I’ve been catching up on my favourites list; articles and shows that I have bookmarked and not got round to reading yet.
One of these was Shonda Rhimes’ acceptance speech from October last year when she received the Sherry Lansing Leadership award for being a pioneer in her field. Shonda owns Thursday night TV with her shows Scandal, How to Get Away with Murder and Grey’s Anatomy. She is the first woman to have that sort of TV real estate and definitely the first Black woman to do so.
I have to say, I enjoy all her shows. They are full of action, drama, ridiculous, breathless dialogue and fabulous music. She also makes some great (though at times quite heavyhanded) points on sexism, racism and other issues. She makes the pill sweet to swallow. Her shows lack the subtlety and devastating finesse of The Good Wife or Damages, but they are punchy and assertive; much like the woman herself.
Her reflections on leadership and women breaking through the industry remind me of Hillary Clinton’s comment about cracking the glass ceiling when she lost the Democratic nomination to Obama.
“I know this isn’t an award because I’m a woman or because I’m African-American. I know that it’s really about breaking the glass ceiling that exists in the face of being a woman and being black in this very male, very white town.,”
“But I haven’t broken through the glass ceiling…If I had broken through any glass ceilings, I would know..If I had broken through a glass ceiling, I would have felt some cuts, I would have some bruises, there’d be shards of glass in my hair. … If I’d broken the glass ceiling, that would mean I made it through to the other side, where the air is rare. I would feel the wind on my face.”
“The view from here — way up here where the glass ceiling is broken — would be incredible. Right? So how come I don’t remember the moment? When me with my woman-ness and my brown skin went running full speed, gravity be damned, into that thick layer of glass and smashed right through it? How come I don’t remember that happening? Here’s why: It’s 2014. This moment right here, me standing up here all brown with my boobs and my Thursday night of network television full of women of color, competitive women, strong women, women who own their bodies and whose lives revolve around their work instead of their men, women who are big dogs, that could only be happening right now.”
She went on to pay tribute to all the women who have gone before her. It’s easy, as a woman living now, to forget that the privileges we enjoy are hard-won, that so many women fell at the first hurdles so that we could walk over them later.

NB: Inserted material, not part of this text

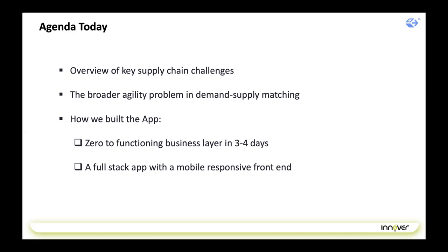Just a couple of quick things before we start. I am recording this session, so we'll share the recording and the presentation with you after the webinar. If by any chance you need to drop off, feel free — you should receive the recording tomorrow. Feel free to put your questions in the chat box or the Q&A section. We want to keep it as interactive as possible, and I'll bring them up for discussion at the right time. With that, Rakesh, why don't you kick off by introducing Innovae, and then we can dig into the overview of the supply chain challenges.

My maternal grandmother left the home to work as a postmistress in rural Jamaica. My paternal grandmother was one of the first primary school teachers in her region in Malawi, outlived two husbands, built a life for herself and her children. Even in my small family, there are stories of breaking the mould, of the power of education for women, stories of sacrifice and strength. They paved the way for me; crucially, they and other women in my family expanded my ideas of what I, as a woman, could achieve. I have been nurtured, encouraged, challenged by a whole host of remarkable, understated women who would never make a song or dance about it, but who have powerfully shaped my life.
As Rhimes put it:
“How many women had to hit that glass before the first crack appeared?” Rhimes said. “How many cuts did they get, how many bruises? How hard did they have to hit the ceiling? How many women had to hit that glass to ripple it, to send out a thousand hairline fractures? How many women had to hit that glass before the pressure of their effort caused it to evolve from a thick pane of glass into just a thin sheet of splintered ice? So that when it was my turn to run, it didn’t even look like a ceiling anymore. I mean, the wind was already whistling through — I could always feel it on my face. And there were all these holes giving me a perfect view to other side. I didn’t even notice the gravity, I think it had worn itself away.
“So I didn’t have to fight as hard. I had time to study the cracks. I had time to decide where the air felt the rarest, where the wind was the coolest, where the view was the most soaring. I picked my spot in the glass and called it my target. And I ran. And when I hit finally that ceiling, it just exploded into dust. Like that. My sisters who went before me had already handled it. No cuts. No bruises. No bleeding. Making it through the glass ceiling to the other side was simply a matter of running on a path created by every other woman’s footprints. I just hit at exactly the right time in exactly the right spot.”